Take a look at these hard-working Americans whose small business dreams have been dashed by poor public policy:
Liz and Nate Milner, the owners of Upper West Side restaurant Gabriela’s Restuarant and Tequila Bar detail their difficult decision to close their doors after 25 years in business. They tried everything including cutting staff from 60 to 45.
The New York Post captured their experience:
“We started by having to let go of the ladies who hand-made our tortillas. It’s certainly better when you can make your tortillas fresh for every taco,” Nat Milner said. “It made sense at $8 an hour but not at $15.”
Gabriela’s was then forced to lay off “two overnight cleaners, a whole level of middle management, the general manager, the extra servers we’d keep on in case it got busy — and then we started cutting hours.”

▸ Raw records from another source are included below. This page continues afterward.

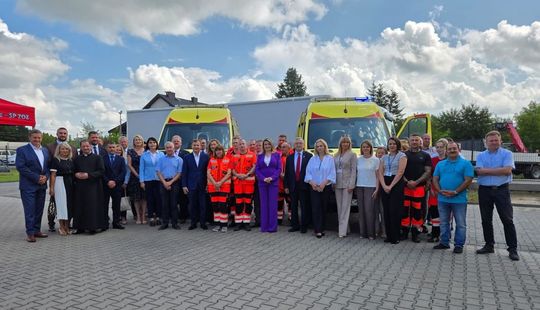 Dwie nowe karetki trafią do Żółkiewki i Włodawy! [ZDJĘCIA]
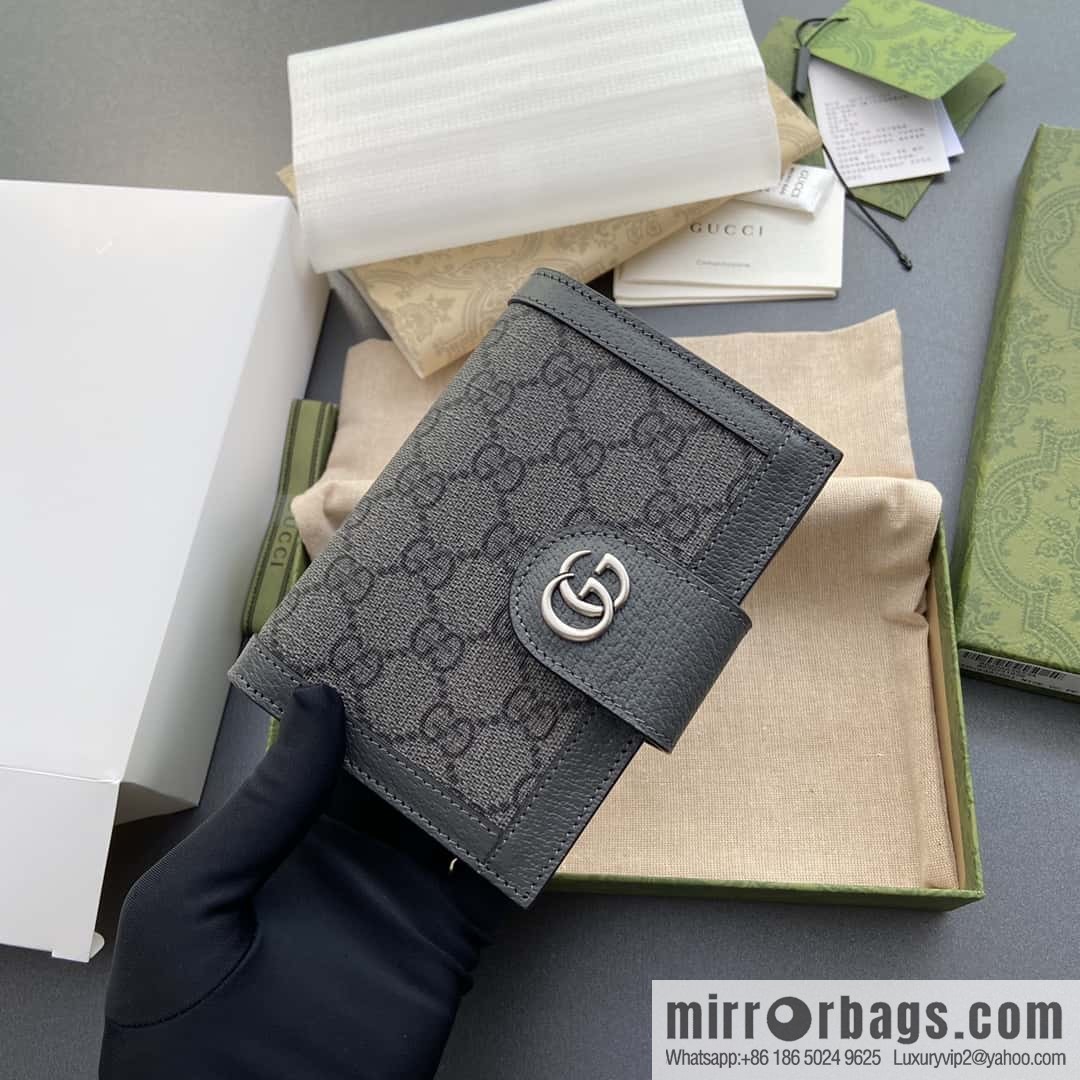 GUCCI G Replica Luxury Handbag Ophidia Series Passport Holder 732755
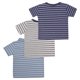 Paq. de 3 t-shirts à rayures George British Design pour bébés garçons – image 2 sur 3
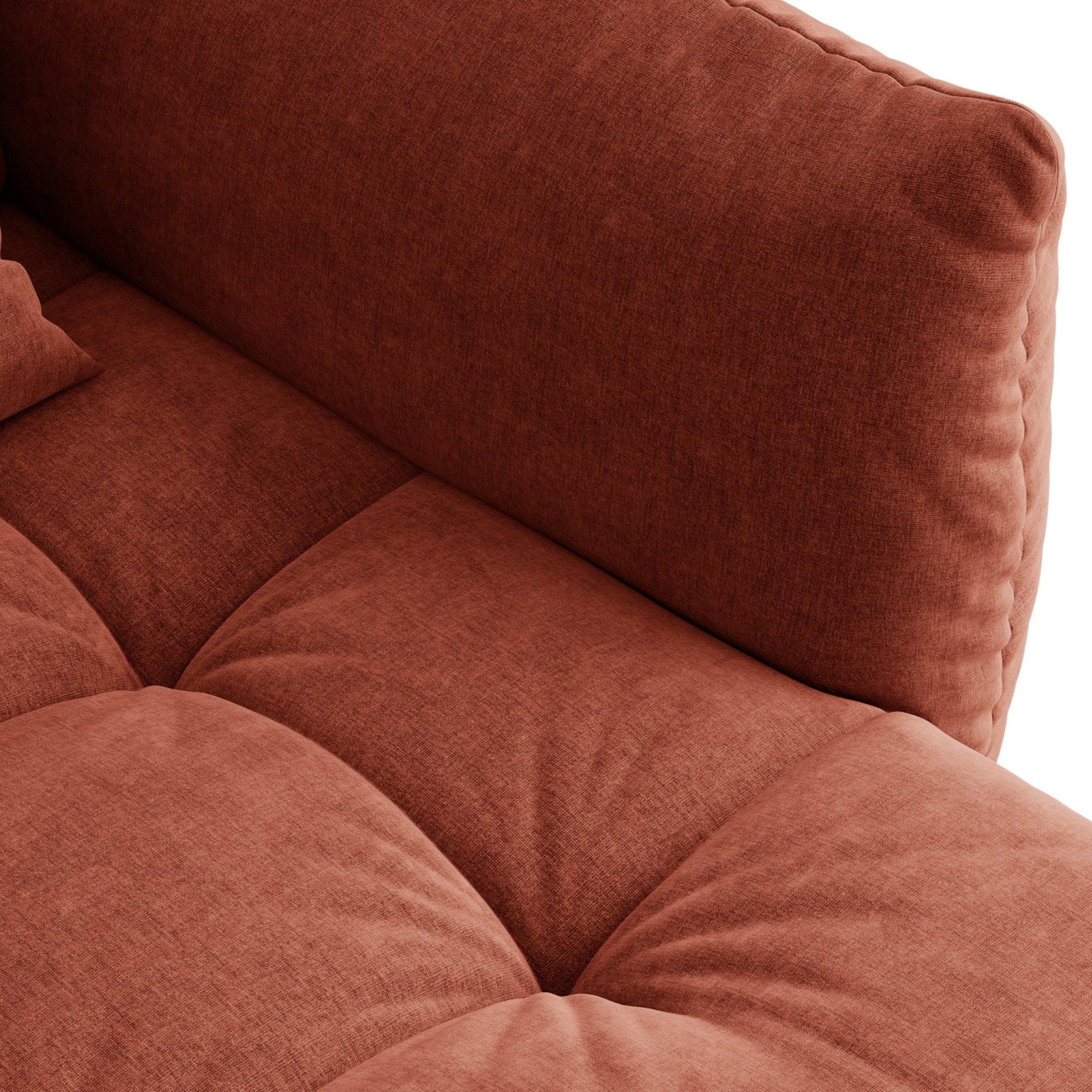 Sofa Bloom 250x108 cm, Material: Strukturstoff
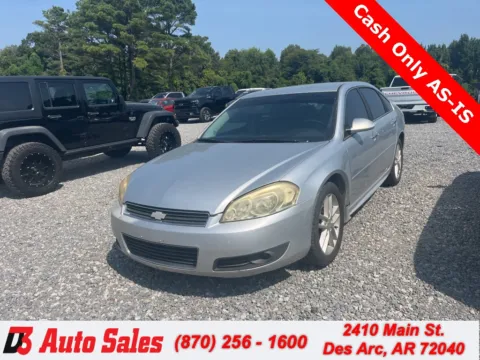 Another view of 2010 Chevrolet Impala LTZ for sale in Des Arc, AR at D3 Auto Sales - Des Arc, AR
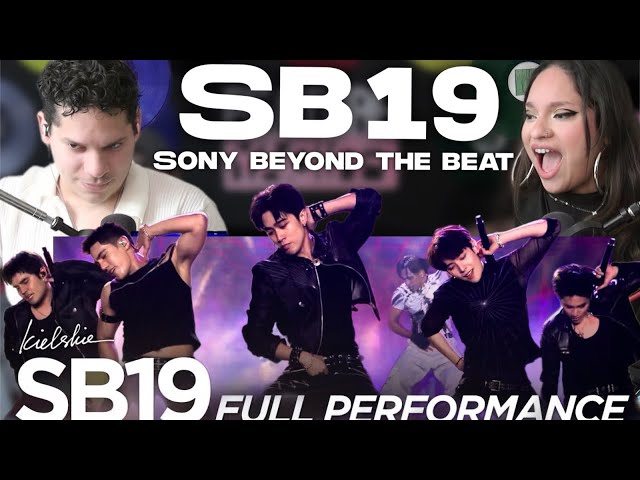 This is the best Boy Group in the world to watch live... ft SB19 at Sony Beyond The Beat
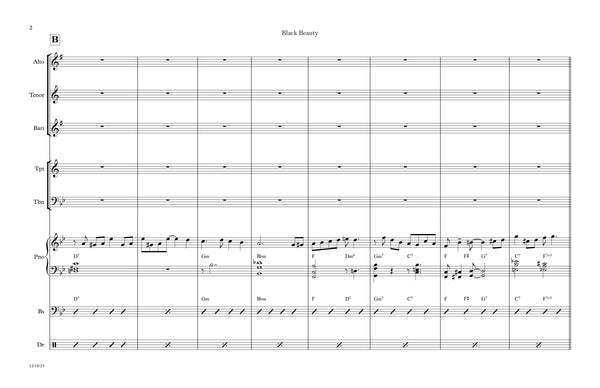 Black Beauty (Octet)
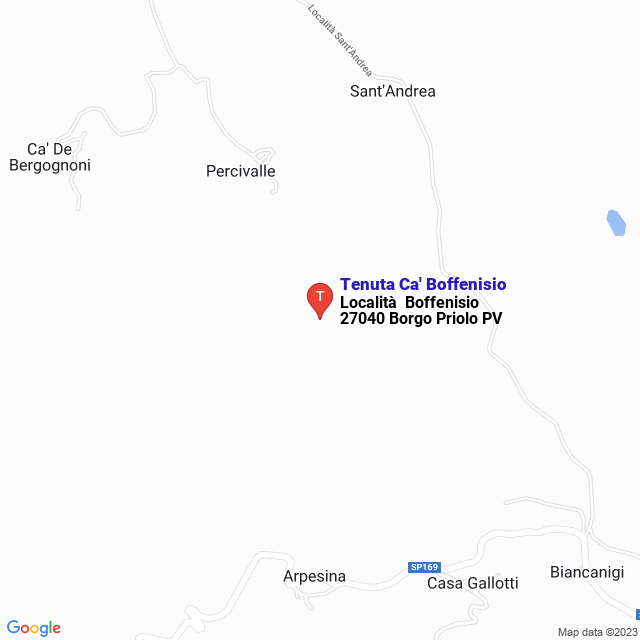 apri la mappa di Tenuta Ca‘ Boffenisio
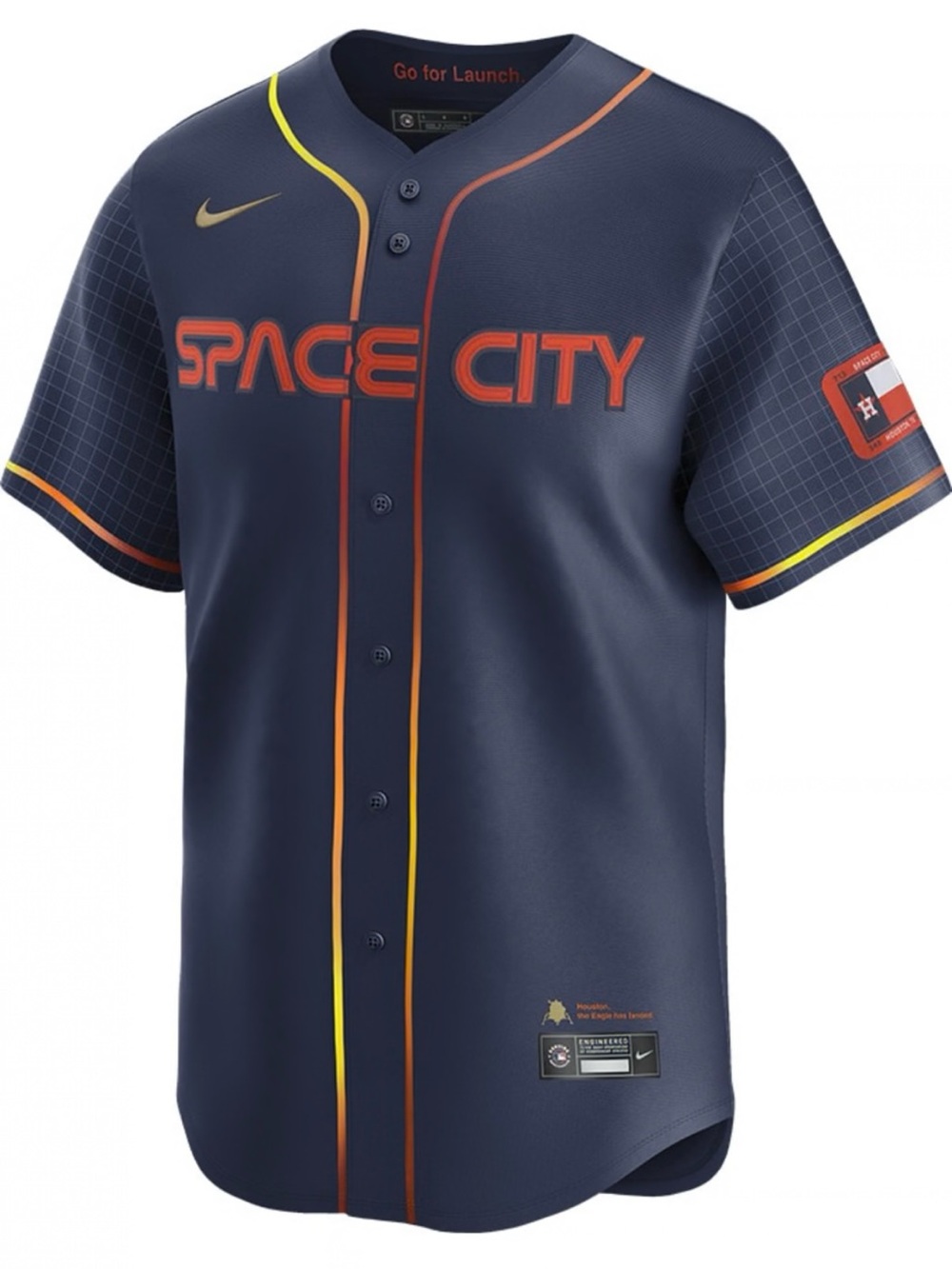 Nike Houston city connect jersey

“I’m not against people making more money,” Milner added. “These people have worked for me for 20 years. But taxes, groceries, everything is going up and people have a little less money to spend on guacamole and tequila.”
Another CEO described cutting hours for all 180 of his employees along with cutting back on staff-education events like wine seminars. Enrichment and educational programs may seem unnecessary but provide staff with the enrichment they need to provide better service to customers which hopefully keeps those customers coming back.
The impacts of a $15 minimum wage are not isolated to a handful of restaurants. The pain of reduced hours, reduced paychecks, and layoffs are widespread.
Of hundreds of members of the restaurant association, the New York City Hospitality Alliance, three-quarters (76.5 percent) said they reduced employee hours and over one third (36.3 percent) eliminated jobs in 2018 because of mandated wage increases. Even scarier, nearly half (47 percent) said they plan to cut jobs in 2019 for the same reason. The association disputes questionable reports that claim the increased minimum wage will have no negative impact on the industry’s employment.
Wages rise when a strong economy generates ample jobs. Employers have to compete for talent and offer pay better pay and benefits. While wage growth during the current recession was slow to increase, it has begun to accelerate and the lowest-paid workers are seeing their paychecks increase most.
Forcing wage increases by mandating a $15 minimum wage or higher in the future is unsustainable. The workers who think they benefit from higher wages are getting a lesson in economics as their paychecks shrink from fewer working hours. Worse, those who have lost their jobs when their employers shut down are the best evidence of the folly of the $15 minimum wage.